Question

With the aid of a suitable example and labelled diagrams write a detailed note on the physical behaviour of aqueous solutions of ionic surfactants. Choosing at least three physical properties to explain clearly the variance in each physical property as a function of surfactant concentration.

Answer 1

A surfactant is a compound that lowers the surface tension between two liquids or between a gas an a liquid (air and water, for example). They contain both hydrophilic ("water-loving") heads and hydrophobic ("water-hating") tails. The hydrophilic heads are logically, soluble in water, while the hydrophobic tails are soluble in non-polar solvents, such as oil. One strucutre of a surfactant can be seen in the following diagram:

In an aqueous solution, surfactants can form various structures. The one pictured is called a micelle. In a micelle, the hydrophobic tails come together in the center of a circle and the hydrophilic heads interact with the solvent outside of the circle. Another possible structure is a lipid bilayer, such as the ones present in cell membranes. The structure will depend on the chemical structure and composition of the surfactant (hydrophilic and hydrophobic parts and their size).

An ionic surfactant is one that has a hydrophilic head with a net charge (positive or negative). Positively charged surfactants are called cationic surfactants while negatively charged surfactants are called anionic surfactants. An example of an ionic surfactant is sodium stearate, which is the most common component in soap:

Depending on the concentration of the ionic surfactants, the physical properties of the solution will change.

The most important physical property that changes with the addition of ionic surfactants is the surface tension. Surface tension is an intensive property that gets dramatically reduced as the concentration of the surfactant is increased. Surface tension decreases strongly until the critical micelle concentration (CMC) is reached. At that point, adding more surfactant won't reduce the surface tension of the solution further. The graph is normally done in a logarithmic scale for concentration, because like pH, the concentration of surfactant can vary greatly. A qualitative graph of the change of surface tension vs. concentration of surfactant is shown:

Another property that changes due to to surfactant concentration is the solubility of insoluble compounds in aqueous solutions. Surfactants help dissolve more insoluble compounds in aqueous solutions, especially after the CMC is reached (where the surfactants start forming micelles and are not just individual molecules). After that point and as can be seen in the following graph, solubility increases exponentially.

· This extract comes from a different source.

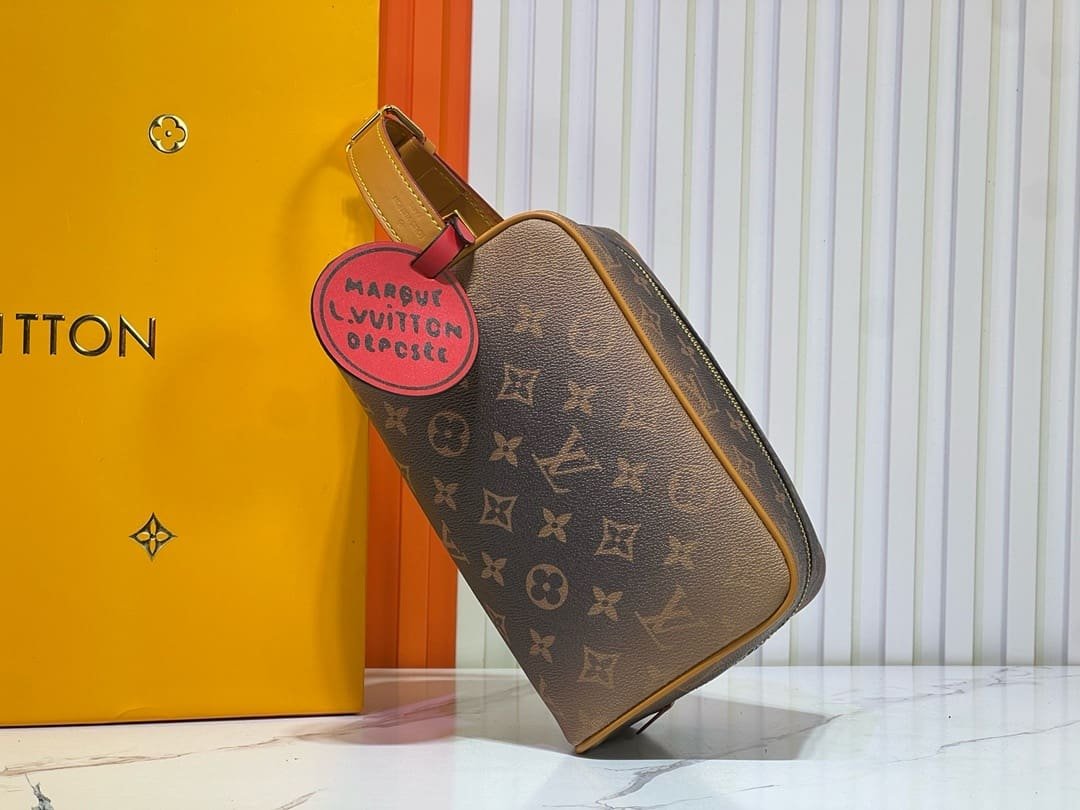 L0vis Vvtt0n M11765 Locker Dopp Kit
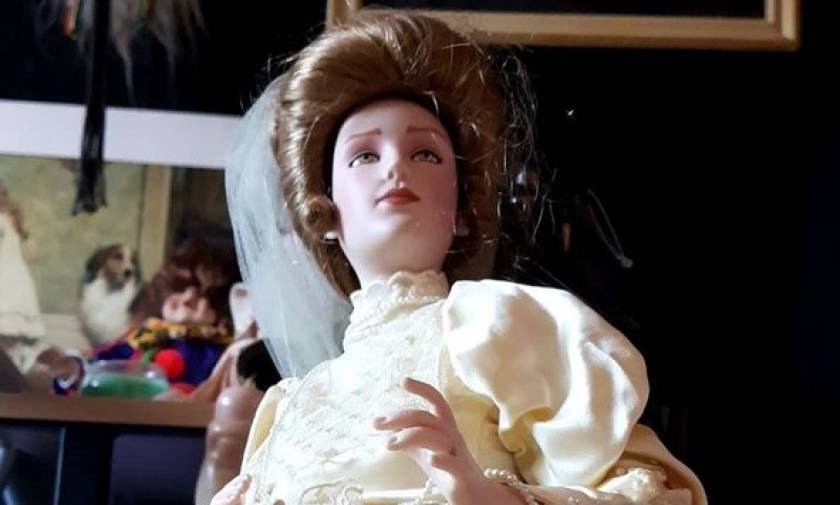 Μυστήριο: Πωλείται στο eBay δαιμονισμένη κούκλα που επιτίθεται στους ιδιοκτήτες της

Another important property that is affected by surfactant concentration is the conductivity. As the ionic surfactant is added, the conductivity of the aqueous solution logically increases with a linear relation. But once again, when the CMC is reached, another change occurs. The surfactants form micelles and the conductivity keeps increasing, but at a smaller slope than before the CMC. This can be seen in the following graph:

Surfactants are part of everyday life. Some examples of ionic surfactants are soaps and detergents. They have the characteristic structure of surfactants described earlier. When a determined concentration of soap is added to a glass of water, bubbles form and don't break down easily. This occurs because the surface tension has been drastically reduced by adding the soap. This stabilization is very important because both soap and detergent have hypochlorite or calcium carbonate that act as cleaning agents and can act much more efficiently due to the reduction of surface tension.